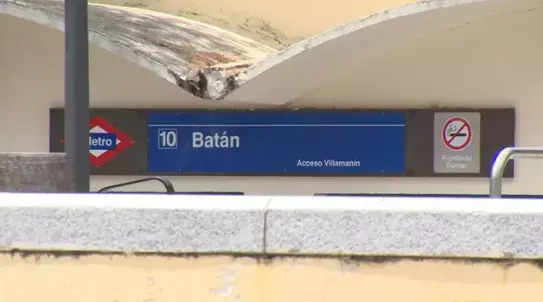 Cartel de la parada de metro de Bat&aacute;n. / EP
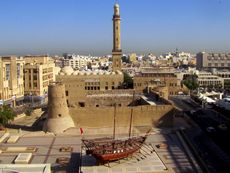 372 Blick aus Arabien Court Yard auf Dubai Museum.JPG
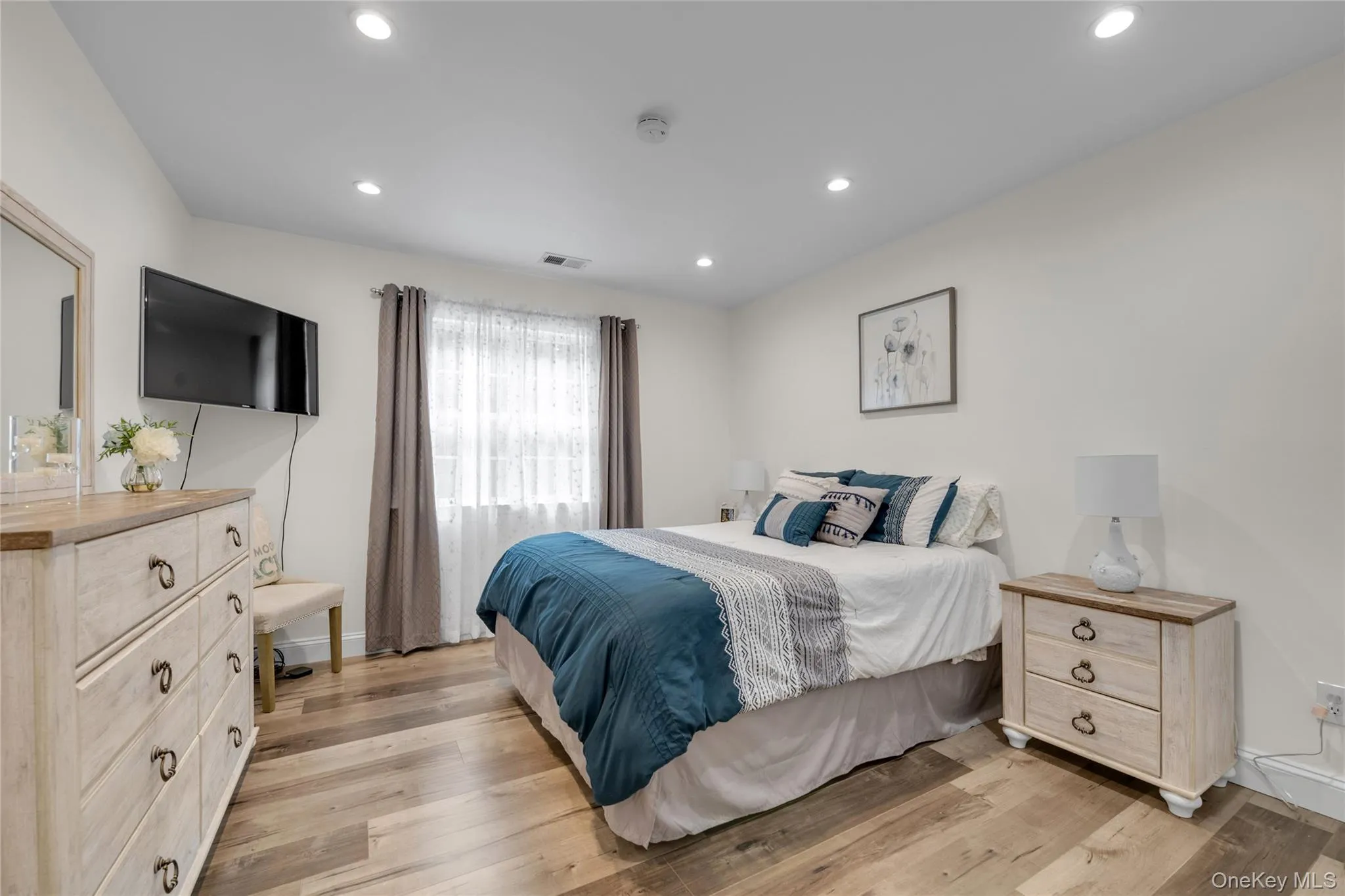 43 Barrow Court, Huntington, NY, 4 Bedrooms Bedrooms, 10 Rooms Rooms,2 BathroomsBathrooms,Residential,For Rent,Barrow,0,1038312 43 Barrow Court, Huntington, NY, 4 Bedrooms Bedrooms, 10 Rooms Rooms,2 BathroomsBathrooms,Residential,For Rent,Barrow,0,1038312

BRIEF
Return the material word for word, images omitted.

ANSWER TO THE EXERCISE
 Cartel de la parada de metro de Bat&aacute;n. / EP
 372 Blick aus Arabien Court Yard auf Dubai Museum.JPG
 43 Barrow Court, Huntington, NY, 4 Bedrooms Bedrooms, 10 Rooms Rooms,2 BathroomsBathrooms,Residential,For Rent,Barrow,0,1038312 43 Barrow Court, Huntington, NY, 4 Bedrooms Bedrooms, 10 Rooms Rooms,2 BathroomsBathrooms,Residential,For Rent,Barrow,0,1038312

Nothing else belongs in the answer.